A huge dog-leg of a section,  2 Saulbrey Grove, off White's Line West in Woburn, is the largest remaining piece of the old Saulbrey family farm and the site of the magnificent red-brick house built by my grandfather, Jack Saulbrey. When I used to visit as a child, it had the most extraordinary vegetable garden. 

Grandpa Saulbrey's trade as a brickie was not only manifest in the house. The back garden was dominated by a big raised bed built in brick and a large glasshouse where the vines would be heavy with tomatoes for much of the year. The fencelines were planted and in the far corner of the yard the chooks pecked and squabbled in a pen. 

As I've written before, Grandpa suffered great sadness in his life, losing a wife and a daughter in terrible circumstances. It was when his second wife began to slip away that he occupied himself more and more not just with the garden but with preserving its produce. He pickled all sorts: cucumbers, betroot, the lot. The cupboards were full of jars when he died. My mother disposed of most of them. He was never very fussy about properly sterilising the jars, she says.

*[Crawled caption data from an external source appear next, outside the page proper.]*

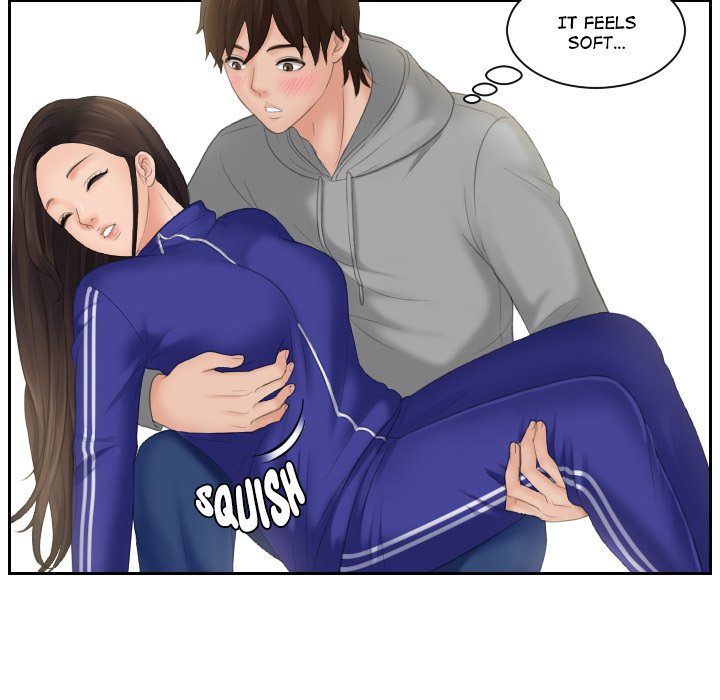 My Love Companion Chapter 4 image 46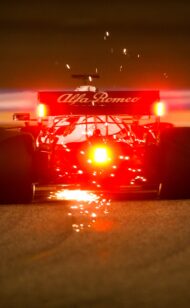 Η Ρώμη δεν θα ενταχθεί F1 προγραμματίστε τις επόμενες σεζόν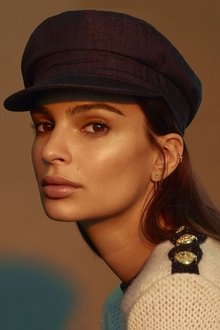 Photo of Emily Ratajkowski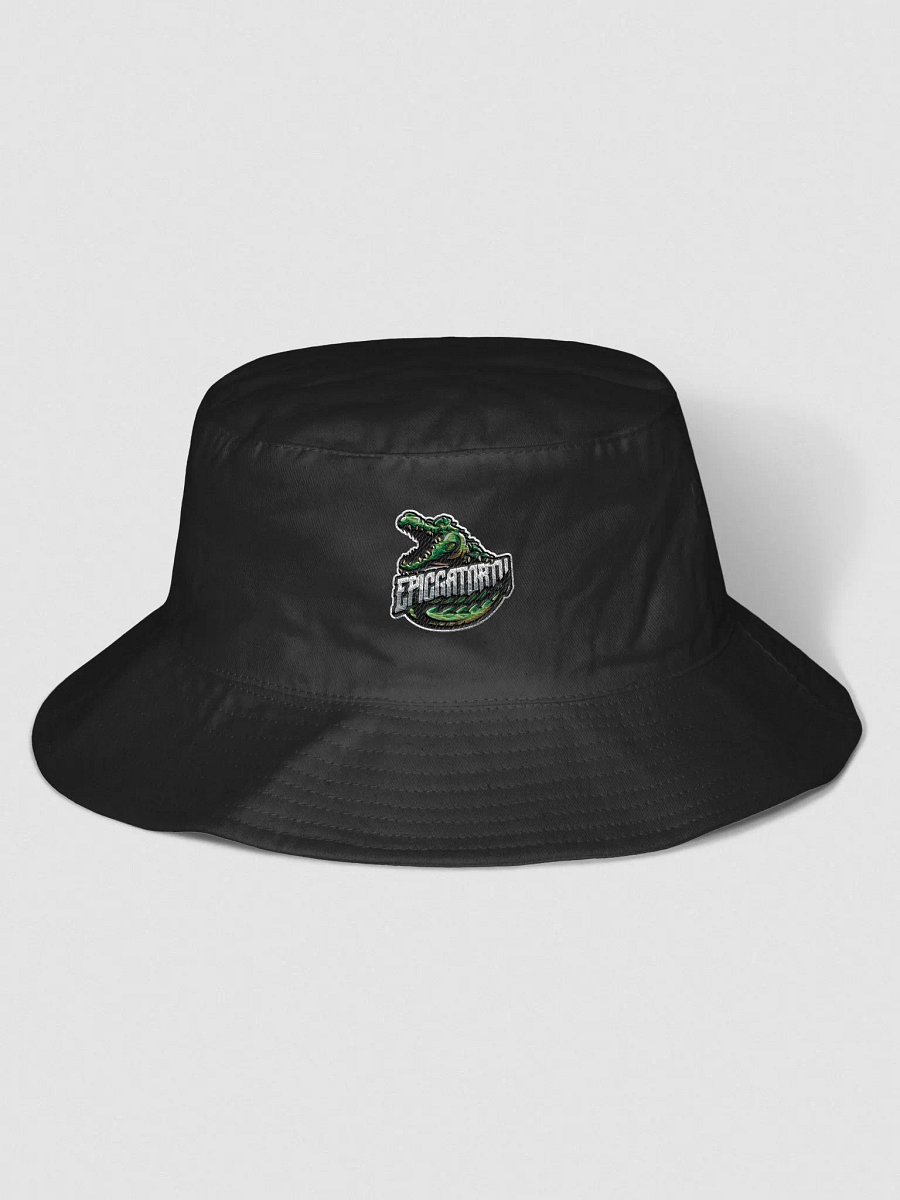 Epic Gators Tv Golf/Sunhat product image (1)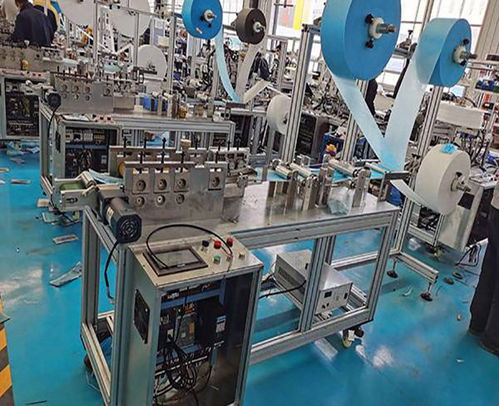 蕪湖螺桿機(jī) 安徽安卓機(jī)電設(shè)備公司 口罩螺桿機(jī)價格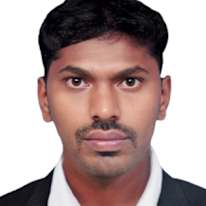 Govindaraj subramanian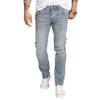 Rock Creek Herren Jeans Stonewashed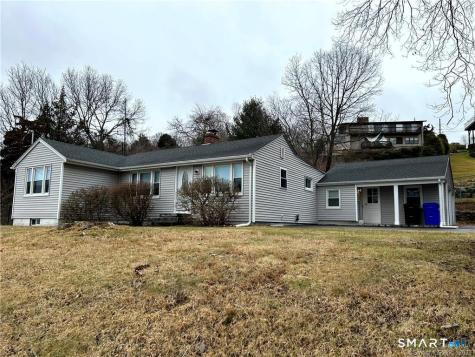 30 Fulton Drive Groton CT 06340
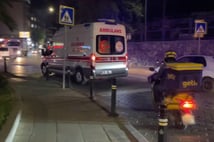 Boğaziçi Üniversitesi'nde dehşet: Eski kız arkadaşını öldürüp intihar etti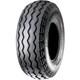 4 Tires Carlisle (Carlstar) Farm Specialist F-3 11L-16 Load 10 Ply Tractor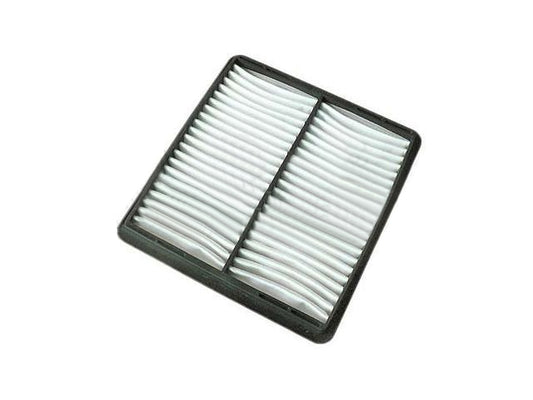 96182220 China wholesale PP injection non-woven fabric car special air filter For DAEWOO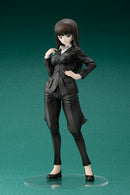 GIRLS und PANZER das FINALE Hobby JAPAN Shiho Nishizumi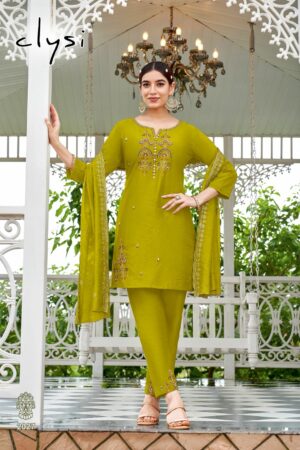 CLYSI MYRAAH KURTI WHOLESALER SURAT 5.jpg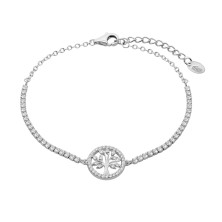 PULSEIRA ÁRVORE DA VIDA LOTUS SILVER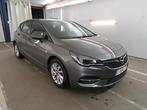 Opel Astra 1.2 Turbo 110pk Start/Stop Edition [ € 14.500,0, Auto's, Opel, Nieuw, Origineel Nederlands, Zilver of Grijs, 5 stoelen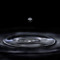 Dark Liquid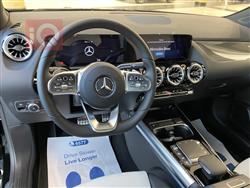 مێرسێدس بێنز GLA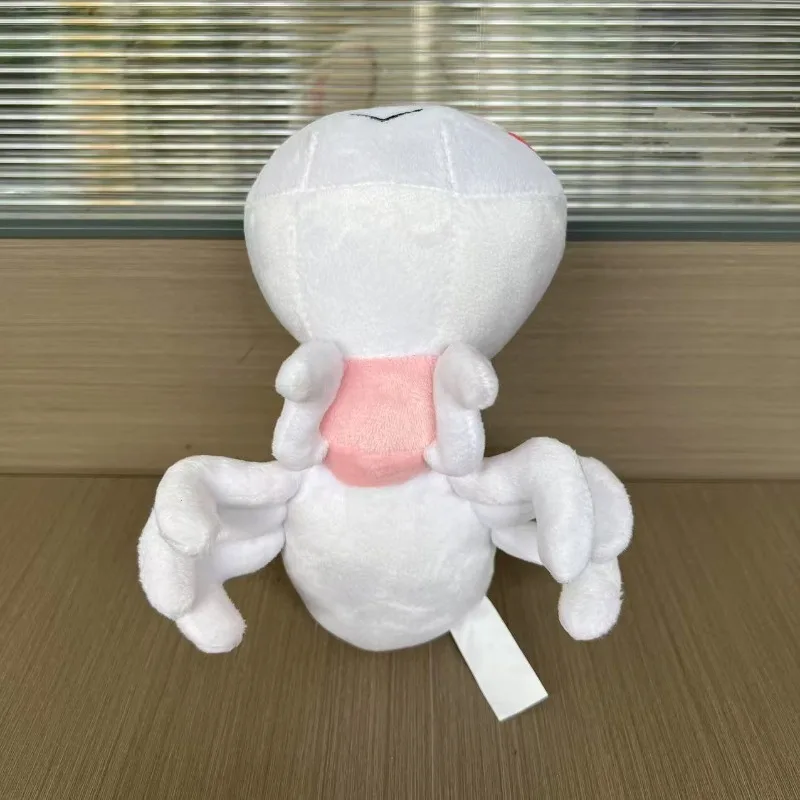 卸売新 20 センチメートルアニメ Dragonfoxgirl ぬいぐるみソフトクモと蝶ぬいぐるみ女の子男の子誕生日パーティーギフト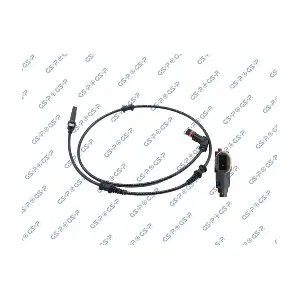 GSP-9A0642 MDR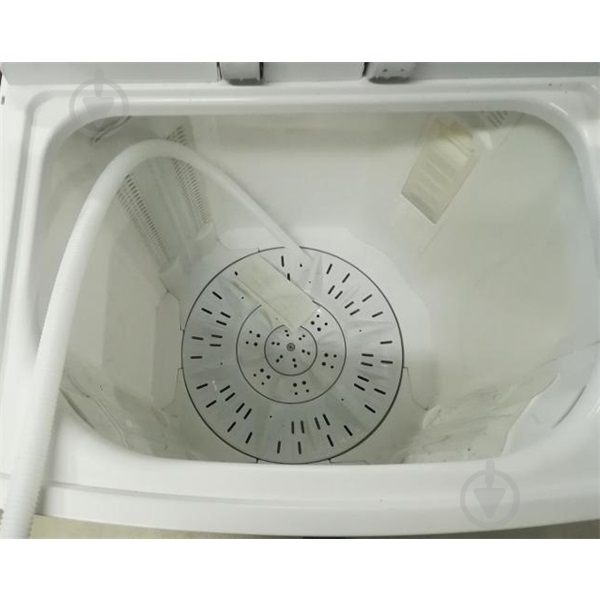 Стиральная машина ViLgrand V107-40К - фото 13 Стиральная машина ViLgrand V107-40К - фото 13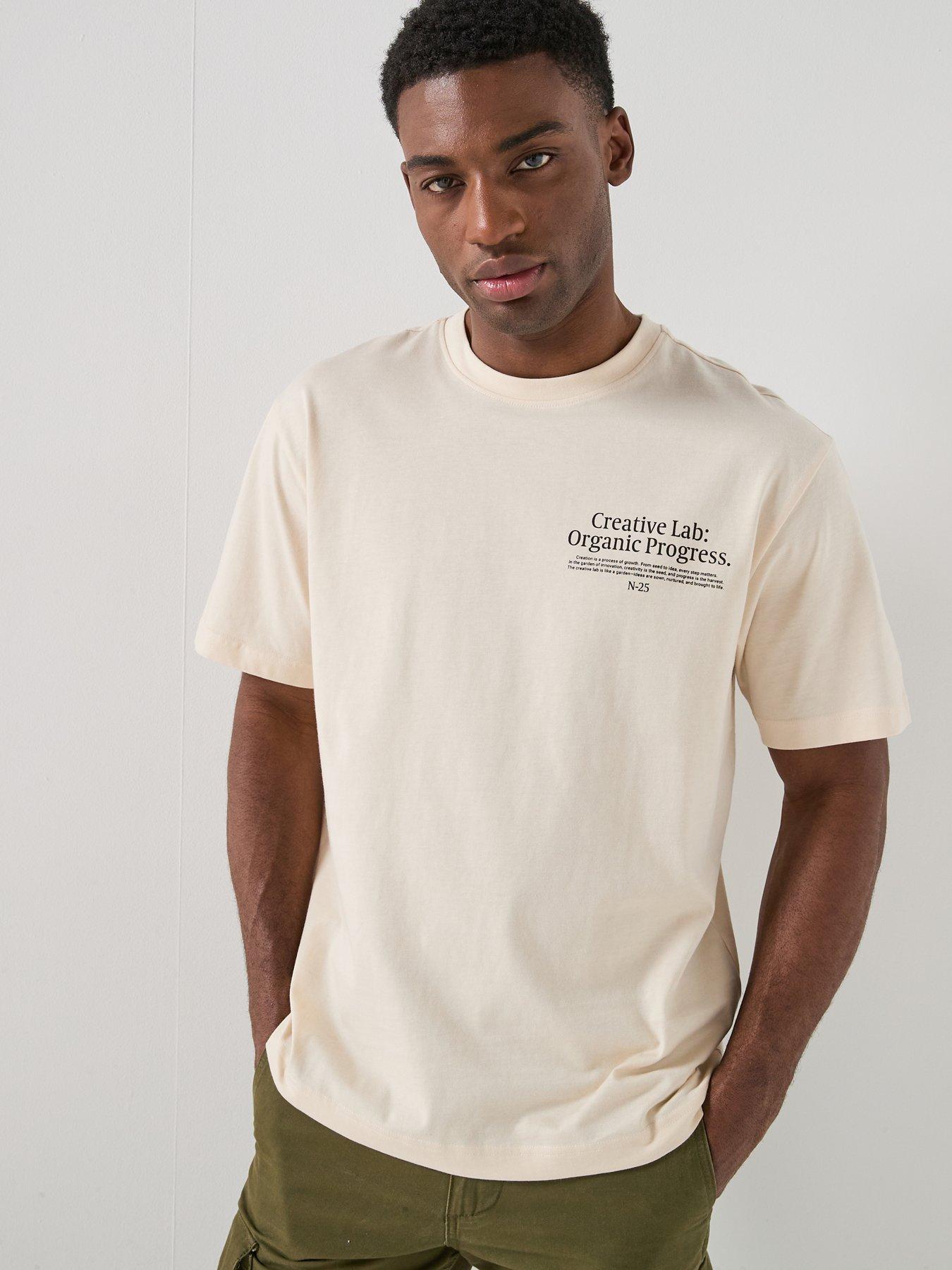 only-sons-fred-greens-t-shirt-creamstillFront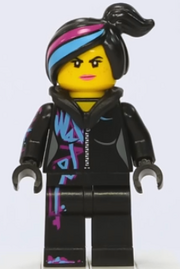 Wyldstyle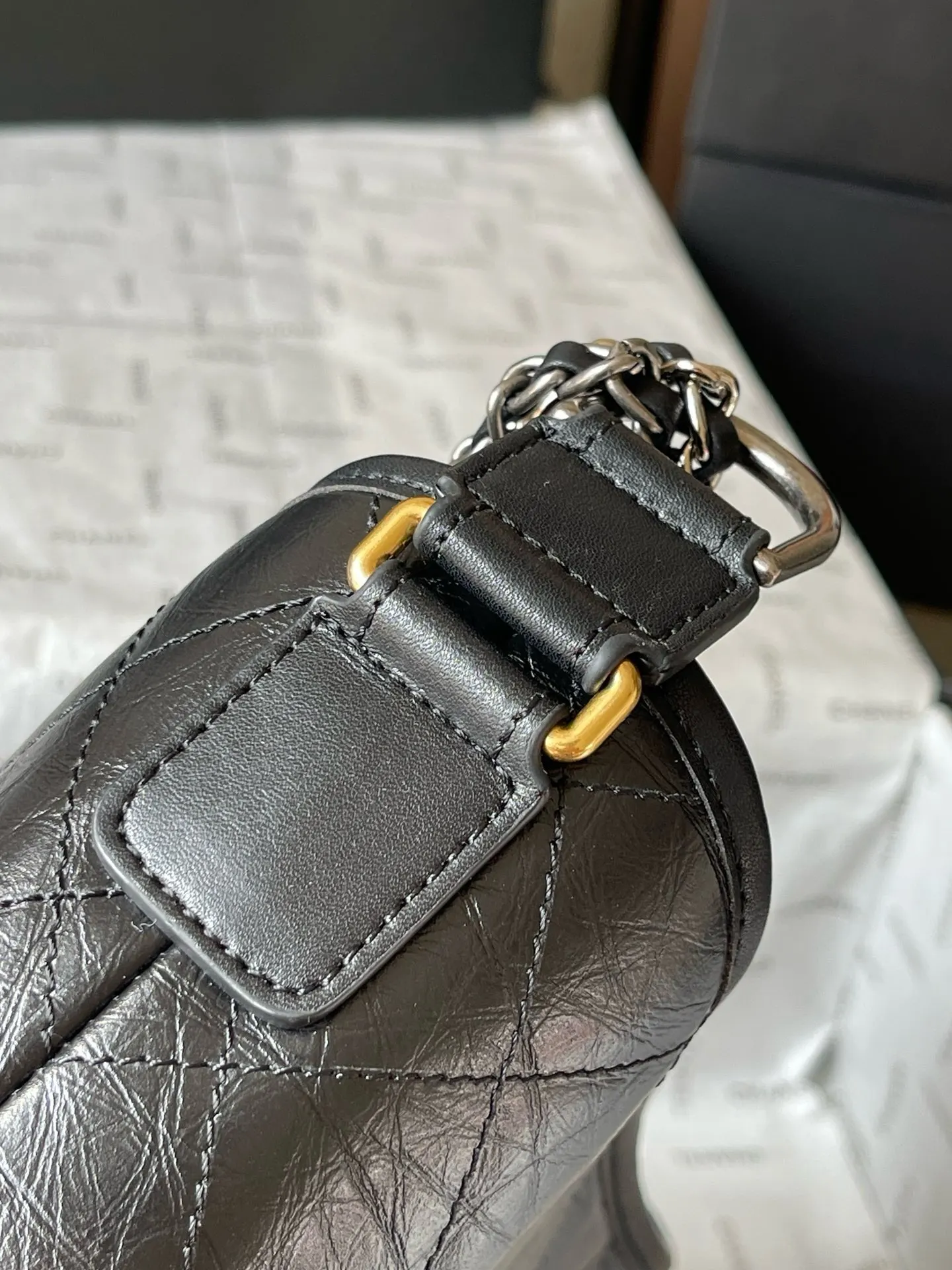 Chanel Crossbody Bag Lightweight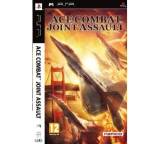 Game im Test: Ace Combat: Joint Assault (für PSP) von Namco, Testberichte.de-Note: 2.0 Gut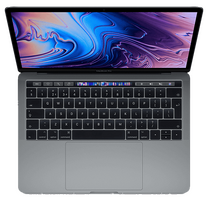 MacBook Pro 13 2017 года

He was also infamous for his garlic sauce, which contained a goodly helping of chillis from the garden too. We don't think of his generation (he was born in 1911) as having had much truck with such things, but Jack did. Apparently when he had the garlic sauce on the go you could smell it from the end of the street. (I've transcribed the recipe in his exact words below --- the "Ian" mentioned is my father. I might have a go.)

His dream kitchen wasn't what we'd build today. It was small and quite dark, although the ceiling was high. In place of a table there was a diner-style booth. Proper meals were had in the living room next door.

I remember chickens hanging in the kitchen, and the time he greeted us off the plane and told me he'd made rabbit gumbo for me. I'd never had anything like the gumbo, but it was magic and I loved it. Mum recalls the perpetually unruly pressure cooker and Grandapa's old-fashioned habit of boiling cabbage along with the corned beef and how bad that smelled, but not as bad as the fish-head soup, which no one else ever ate.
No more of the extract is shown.